Nessas tabelas, podemos ver muitas coisas de que as crianças precisam para
terem um desenvolvimento emocional saudável e, assim, uma infância e uma
vida adulta muito melhores. Não se trata de viver uma vida sem cruzes, sem
sofrimentos, sem dificuldades. Inclusive, um dos eixos é justamente dar os
limites devidos, de maneira correta. As cruzes sempre existirão, porque são
enviadas por Deus para a nossa santificação. Não atender a essas necessidades
emocionais básicas significa impormos cruzes às crianças e, ao mesmo tempo,
tirar delas os instrumentos para lidar bem com as dificuldades e os sofrimentos.
Sem esses instrumentos, elas capengarão ao carregar as cruzes que terão ao
longo de toda a vida. O que esse atendimento emocional básico dá são os meios
devidos para que a criança possa carregar bem as próprias cruzes na infância,
na juventude e na maturidade, e, assim, possa chegar à perfeição. Contribuir
para a santificação das nossas crianças e jovens dessa forma, dando-lhes os
meios, em vez de simplesmente cruzes, é uma obra excelente aos olhos de Deus.
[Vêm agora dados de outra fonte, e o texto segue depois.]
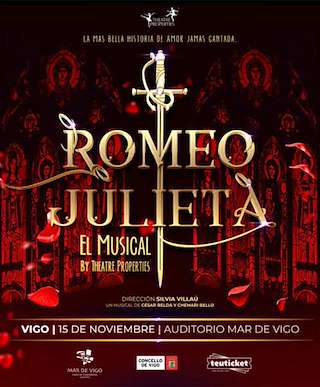 Fechas, información, programa, cartel, imágenes, mapa y ubicación de Romeo y Julieta el Musical - Theatre Properties (2025)  en  Vigo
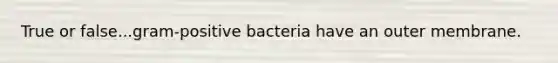 True or false...gram-positive bacteria have an outer membrane.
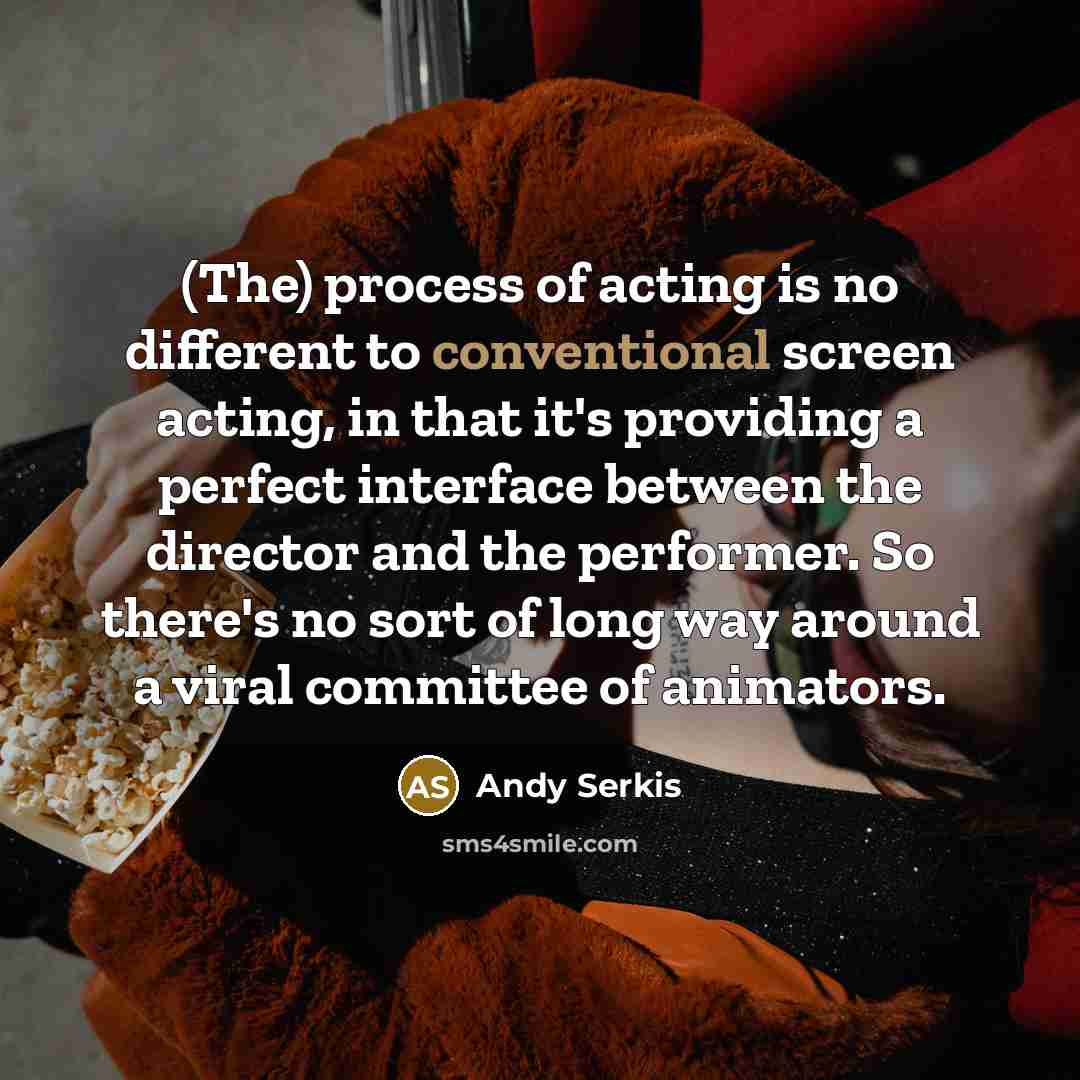 “(The) process of acting is no different to conventional screen acting, in that it's providing a perfect interface between the director and the performer. So there's no sort of long way around a viral committee of animators.” quote by Andy Serkis
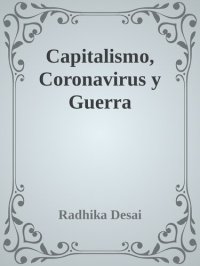 cover of the book Capitalismo, Coronavirus y Guerra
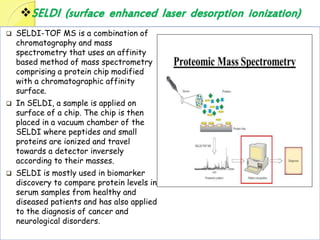 SELDI (surface enhanced laser desorption ionization)
 SELDI-TOF MS is a combination of
chromatography and mass
spectrometry that uses an affinity
based method of mass spectrometry
comprising a protein chip modified
with a chromatographic affinity
surface.
 In SELDI, a sample is applied on
surface of a chip. The chip is then
placed in a vacuum chamber of the
SELDI where peptides and small
proteins are ionized and travel
towards a detector inversely
according to their masses.
 SELDI is mostly used in biomarker
discovery to compare protein levels in
serum samples from healthy and
diseased patients and has also applied
to the diagnosis of cancer and
neurological disorders.
 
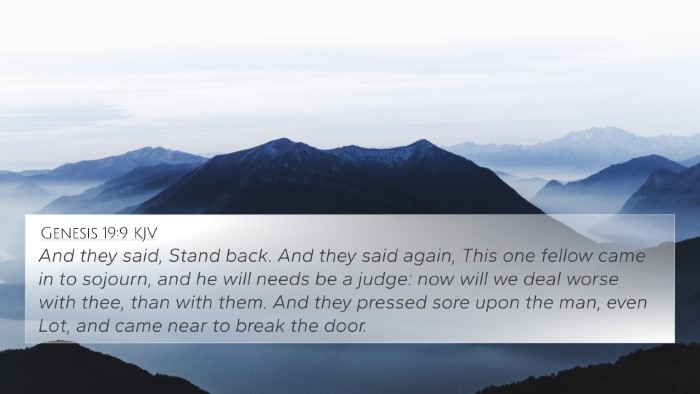 Genesis 19:9 KJV 4K Wallpaper - And they said, Stand back. And they said again, - 4K Wallpaper Bible Verse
Esse aspecto natural da educação em nada contradiz a educação católica. Ao


contrário, a educação católica é a educação natural elevada pela fé católica e
pela moral católica. E a fé e a moral não podem ser colocadas à força na criança
nem no adulto. Fé e moral precisam estar juntas com essa boa educação natural,
e aí a educação católica ocorre suavemente, com raízes crescendo mais
profundamente e com frutos abundantes e duradouros, apesar das dificuldades.
Uma educação assim mostra o amor incondicional dos pais pela criança,
tornando-a capaz de reconhecer o amor de Deus por ela e, então, de amar a
Deus de volta. Essa educação bem feita coloca a criança nesse caminho
suavemente e profundamente. Caminho de amor a Deus e ao próximo.

Como dito no início, essas mensagens estão entre as coisas mais importantes
que já escrevi no meu sacerdócio. Nelas, está o fundamento para o crescimento
das famílias, da Igreja, o fundamento para que mais almas se salvem e o
fundamento para que maior glória seja dada a Deus.